ModuleNotFoundError: No module named 'pytorch_lightning'

## 6) Cross‑validation split (GroupKFold by site/date if present)

In [None]:
import pandas as pd, numpy as np
from sklearn.model_selection import GroupKFold, KFold
from pathlib import Path
import yaml, math

with open('cfg/baseline.yaml') as f: cfg = yaml.safe_load(f)

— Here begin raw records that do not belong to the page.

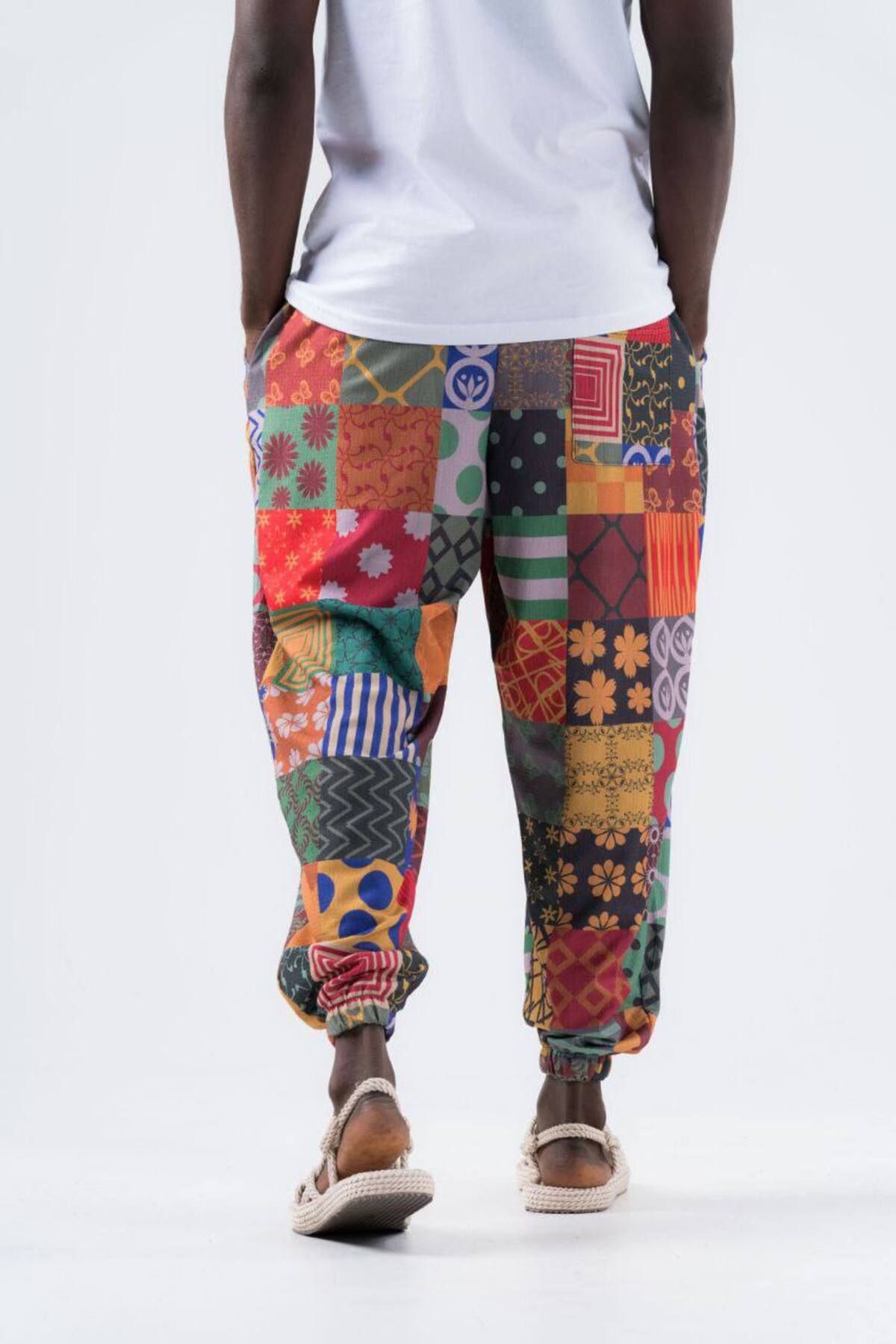 SUPERBLUE-Men's Patterned Colorful Baggy Jogger Baggy Trousers 4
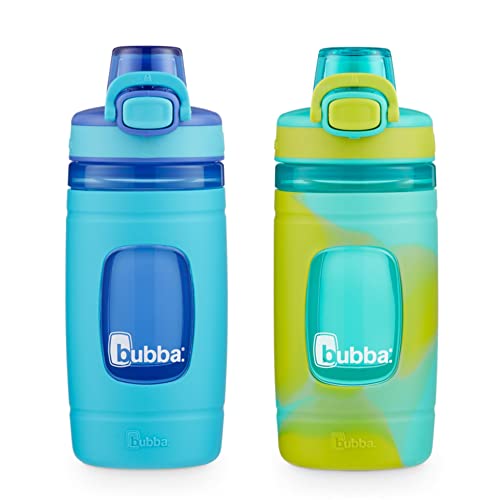 Bubba Flo Kids Water Bottle with Silicone Sleeve, 16oz., 2 Pack, Island Teal & Pool Blue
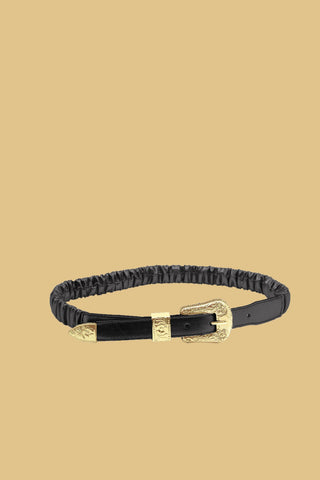 Cintura FOND stretta con fibbia western ecopelle metallizzata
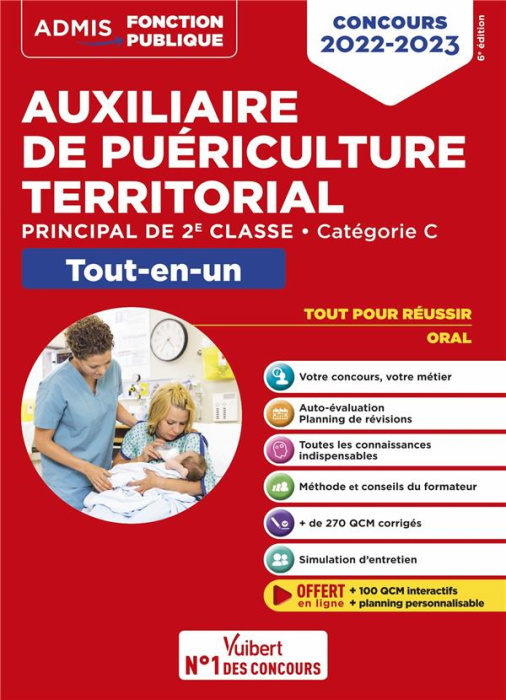 Emprunter Concours Auxiliaire de puériculture territorial. Principal de 2e classe. Tout-en-un, Edition 2022-20 livre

df = pd.read_csv(cfg['train_csv'])
targets = cfg['target_cols']
assert len(targets) >= 1, "No target columns detected; please edit cfg/baseline.yaml"

# make groups
groups_cols = cfg['group_cols'] or []
if len(groups_cols) >= 1:
    groups = df[groups_cols[0]].astype(str)
    if len(groups_cols) >= 2:
        groups = groups + '_' + df[groups_cols[1]].astype(str)
    splitter = GroupKFold(n_splits=5)
    cv = list(splitter.split(df, groups=groups))
    print('Using GroupKFold on', groups_cols)
else:
    splitter = KFold(n_splits=5, shuffle=True, random_state=42)
    cv = list(splitter.split(df))
    print('Using KFold (no group columns found)')

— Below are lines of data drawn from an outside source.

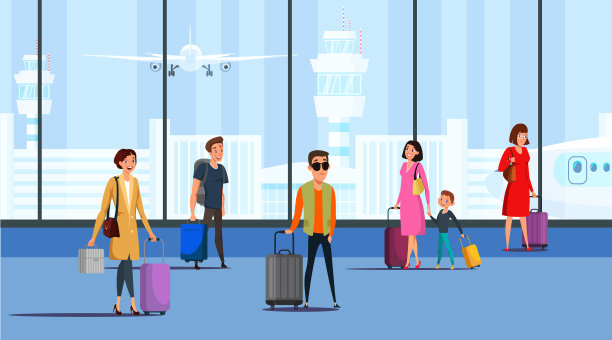 机场候机楼的人们图片下载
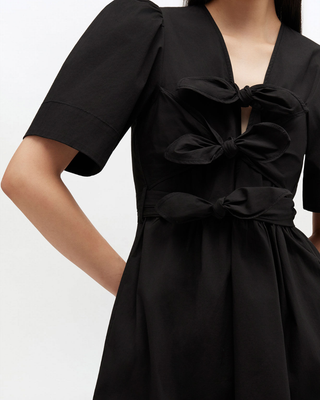 STRETCH COTTON MINI TIE STRAP DRESS
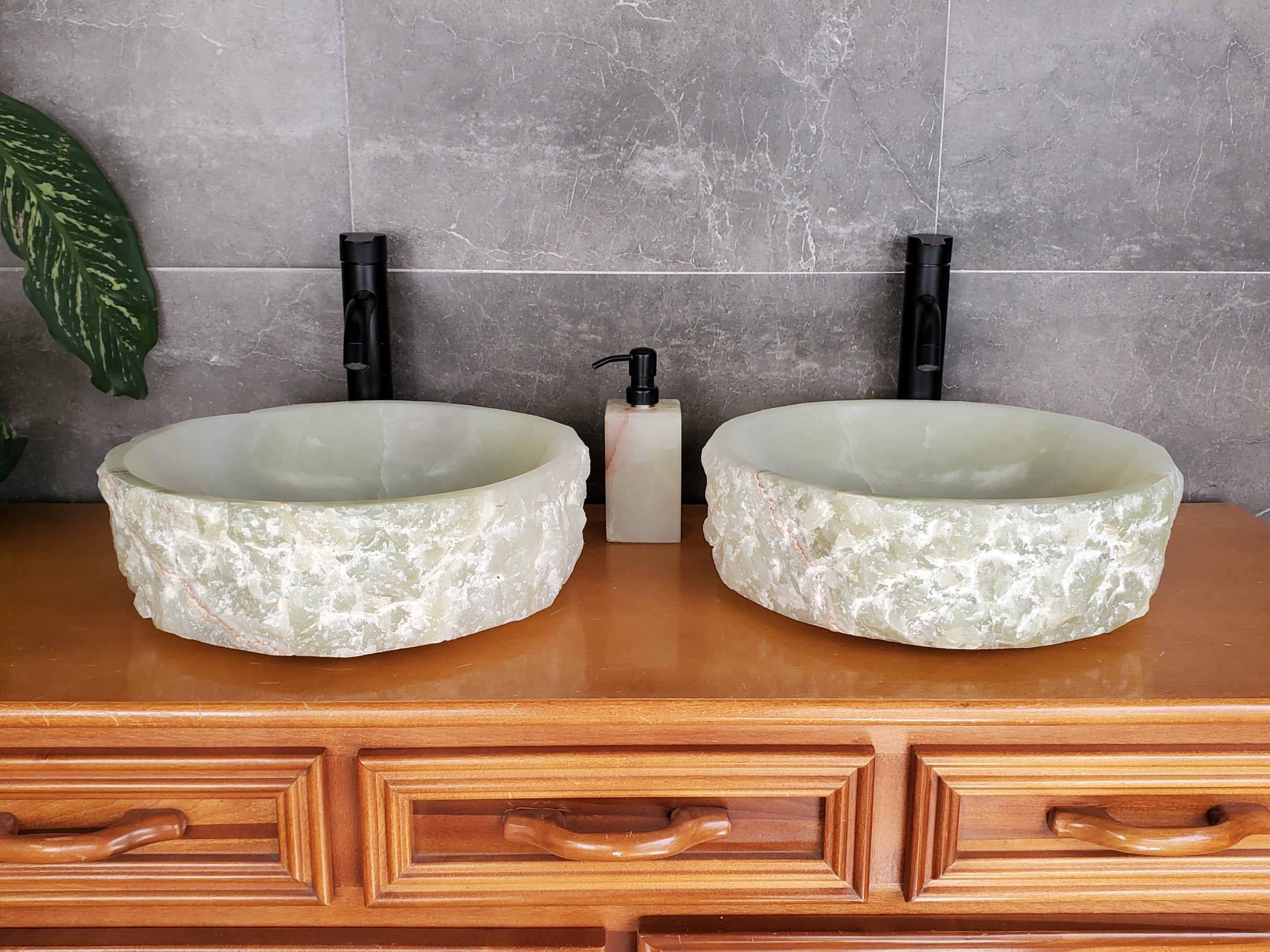 SET3708 - Onyx Stone Vessel Sink Set, Green, Master Bathroom Double Sinks Bathroom Sinks pair
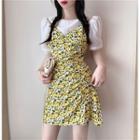 Short-sleeve Top / Floral Print Mini A-line Pinafore Dress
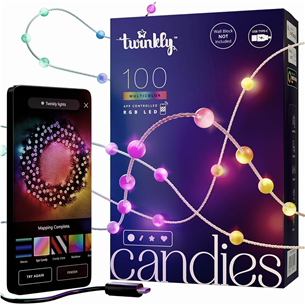 Twinkly Candies Pearls, RGB, 100 LED, USB-C, 6 m, clear wire - Smart Lights TWKP100RGB-T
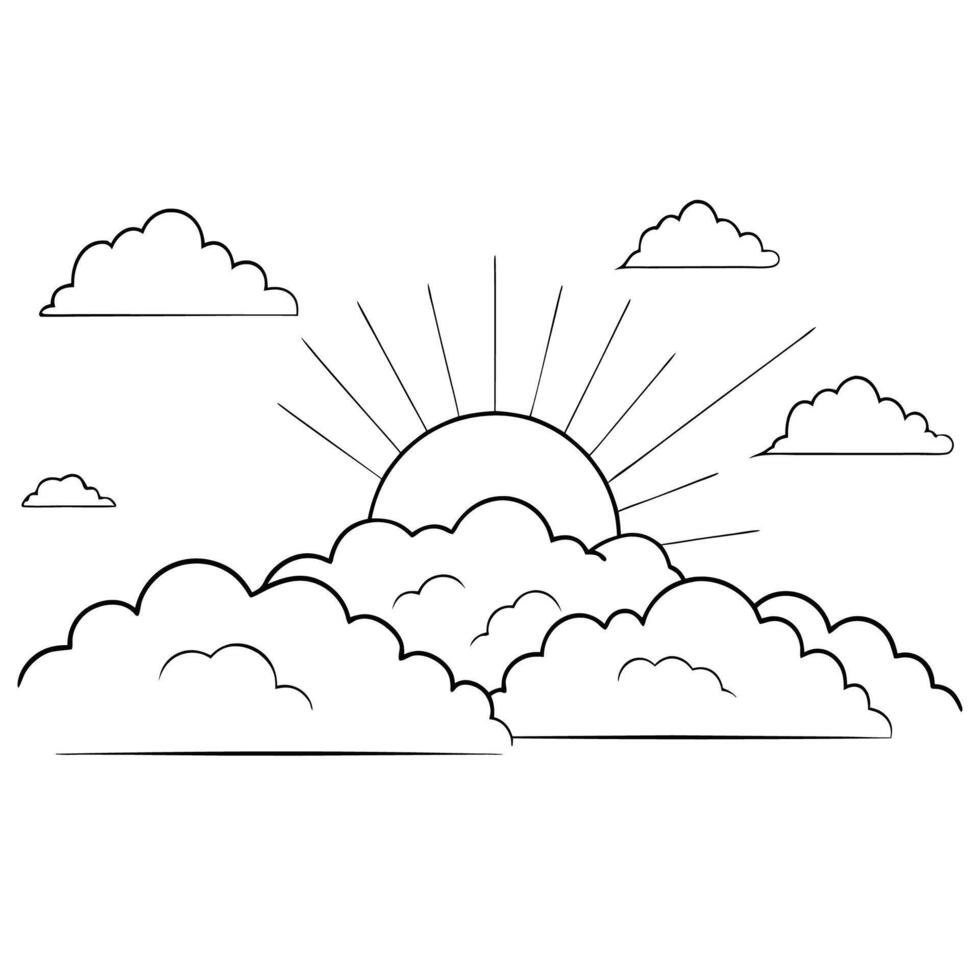 Cloud flat design black outline on a white background vector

print('Fold sizes:', [len(v) for _, v in cv])

## 7) Train one fold (quick sanity check)

In [None]:
import pytorch_lightning as pl, numpy as np
from pytorch_lightning.callbacks import ModelCheckpoint, EarlyStopping

fold = 0
tr_idx, va_idx = cv[fold]
train_df = df.iloc[tr_idx].reset_index(drop=True)
valid_df = df.iloc[va_idx].reset_index(drop=True)

tr_loader, va_loader = make_loaders(train_df, valid_df, cfg, bs=16)
model = Regressor(n_out=len(targets))

ckpt = ModelCheckpoint(monitor='val_mae', mode='min', save_top_k=1, filename='fold{fold}-{{epoch:02d}}-{{val_mae:.4f}}')
es = EarlyStopping(monitor='val_mae', mode='min', patience=3)
trainer = pl.Trainer(max_epochs=10, precision='16-mixed', callbacks=[ckpt, es], log_every_n_steps=20, enable_checkpointing=True)

trainer.fit(model, tr_loader, va_loader)

## 8) OOF predictions + Submission template
This creates `oof.csv` for diagnostics and a skeleton `submission.csv` based on sample file if present.

In [None]:
import numpy as np, pandas as pd, yaml, os
from pathlib import Path

# Save OOF for the single fold (demo); extend to full CV later
valid_loader = va_loader
model.eval(); preds=[]; gts=[]
with torch.no_grad():
    for xb, yb in valid_loader:
        xb = xb.to(model.device)
        yhat = model(xb).cpu().numpy()
        preds.append(yhat); gts.append(yb.numpy())
preds = np.vstack(preds); gts = np.vstack(gts)
oof = valid_df.copy()
for i,t in enumerate(targets): oof[f'pred_{t}'] = preds[:,i]
oof.to_csv('out_oof_fold0.csv', index=False)
print('Saved out_oof_fold0.csv with columns:', list(oof.columns))

# Build submission
# Try to find sample submission
sub_path = None
for p in Path(cfg['data_dir']).rglob('*.csv'):
    if re.search(r'sample|submission', p.name, re.I):
        sub_path = p; break

if sub_path:
    sub = pd.read_csv(sub_path)
    # Try to populate columns that intersect with TARGET_COLS
    for t in targets:
        for c in sub.columns:
            if re.sub('[^a-z]','',c.lower()) == re.sub('[^a-z]','',t.lower()):
                # Fill with global mean as placeholder
                sub[c] = df[t].mean()
    sub.to_csv('submission.csv', index=False)
    print('Wrote submission.csv based on sample:', sub.shape)
else:
    print('No sample_submission found; please craft one based on competition schema.')

## 9) Next steps
- Expand to full 5‑fold CV and average OOF.
- Try ConvNeXt‑T or EfficientNet‑B0.
- Add tabular fusion (height, AOS NDVI) by concatenating embeddings + normalized tabular features.
- Add quantile heads for uncertainty.
- Ensembling across seeds & backbones.